▸ **PROBLEM TO WORK ON**
Drop every picture, then print the rest of the listing exactly as given.

▸ **DATA SEGMENT**
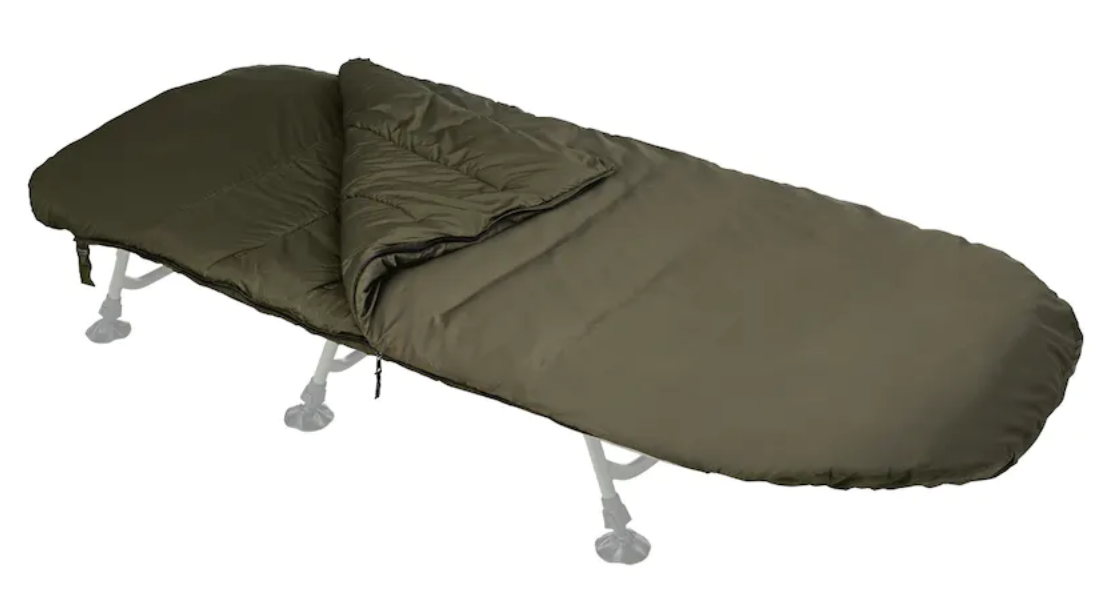 Trakker Big Snooze+ Smooth Sleeping Bags - 208112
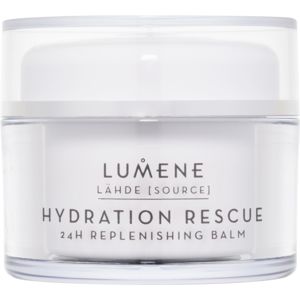 Lumene Lähde [Source of Hydratation] feltöltő hidratáló krém 24h 50 ml
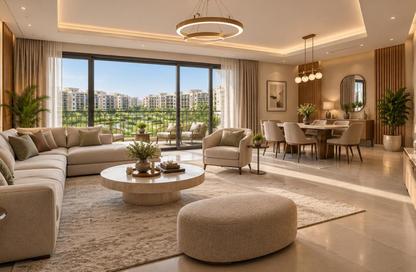 Apartment - 3 - 2 for sale in B15 - Madinaty - Cairo Apartment - 3 - 2 for sale in B15 - Madinaty - Cairo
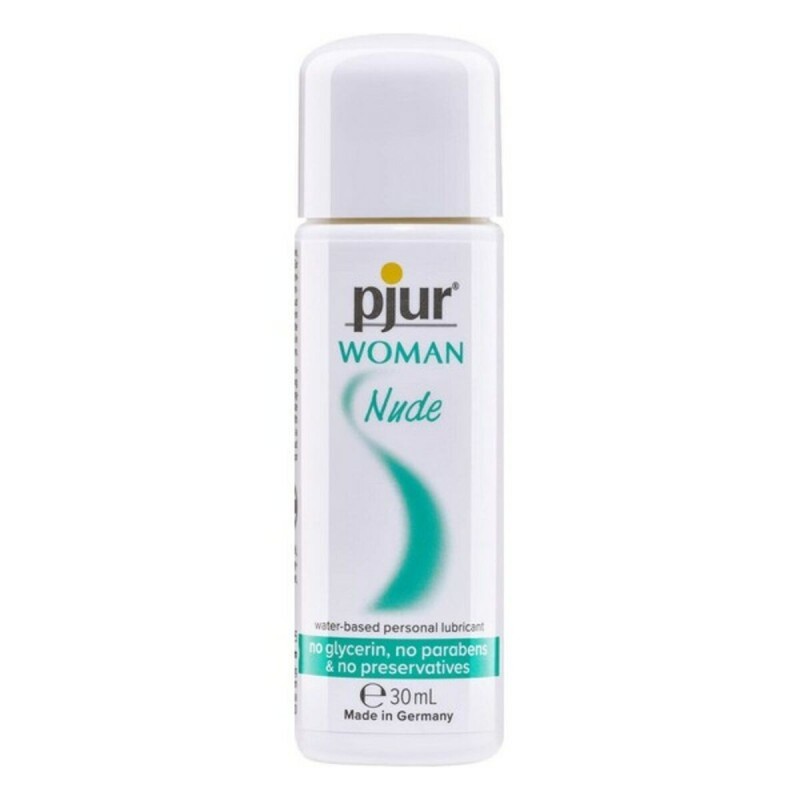 Lubrifiant à base d'eau Pjur 11850 (30 ml) - Acheter à 4,74 € seulement chez Collector's Boutique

▸ **WRITTEN SOLUTION**
 Trakker Big Snooze+ Smooth Sleeping Bags - 208112
 Lumene Lähde [Source of Hydratation] feltöltő hidratáló krém 24h 50 ml
 Apartment - 3 - 2 for sale in B15 - Madinaty - Cairo Apartment - 3 - 2 for sale in B15 - Madinaty - Cairo
 Lubrifiant à base d'eau Pjur 11850 (30 ml) - Acheter à 4,74 € seulement chez Collector's Boutique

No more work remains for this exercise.